Custom attributes C#
Daniel Keep
daniel.keep.lists at gmail.com
Thu Sep 27 10:59:41 PDT 2007
Janice Caron wrote:
> On 9/27/07, Bruno Medeiros <brunodomedeiros+spam at com.gmail> wrote:
>> It's a concept similar to Java's annotations, aren't you familiar with
>> those either?
>
> Nope. I have always found C and C++ (and now D) to be perfectly
> adequate for every need I've ever had.
>
> So tell me, what are these things _for_? What's the _point_ of them?
> What do they do, and why would adding them to D be a good idea.
>
> What will it enable me to do that I can't already do in C, C++ or D?
Look, ignore the syntax; it's not important. Pretend I used @s or $s or
whatever makes you comfortable.
The point is, it's a system for annotating declarations. Like how you
scribble in the margins of a book next to a particularly inane
paragraph: "this guy is nuts!" You know... *metadata*.
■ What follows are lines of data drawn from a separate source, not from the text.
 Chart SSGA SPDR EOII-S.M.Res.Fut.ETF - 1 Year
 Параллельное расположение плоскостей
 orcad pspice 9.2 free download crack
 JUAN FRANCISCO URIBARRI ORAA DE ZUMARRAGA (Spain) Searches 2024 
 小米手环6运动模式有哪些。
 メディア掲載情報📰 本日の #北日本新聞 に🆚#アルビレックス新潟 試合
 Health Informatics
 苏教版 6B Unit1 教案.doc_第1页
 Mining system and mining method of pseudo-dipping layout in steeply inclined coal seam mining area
And I would have thought the examples I gave before were a pretty good
example of why they're useful. Look at the first class; I've used them
to annote fields with information on how they should be serialised. In
the second one I've used them to indicate how an object might be bound
to a UI.
Ary has an even better example: specifying how to bind an object to a
database table. That's like what ActiveRecord (the real magic behind
Ruby on Rails) does. It'd practically give us half of D on Rails. :P
The point is to give programmers a way of adding extra information about
a declaration that you wouldn't normally be able to convey.
Granted, you *could* do this in D right now; in much the same way you
can do OO programming in assembler. You could probably fake it with
variadic templates and structs, etc., but it'd be ugly as heck.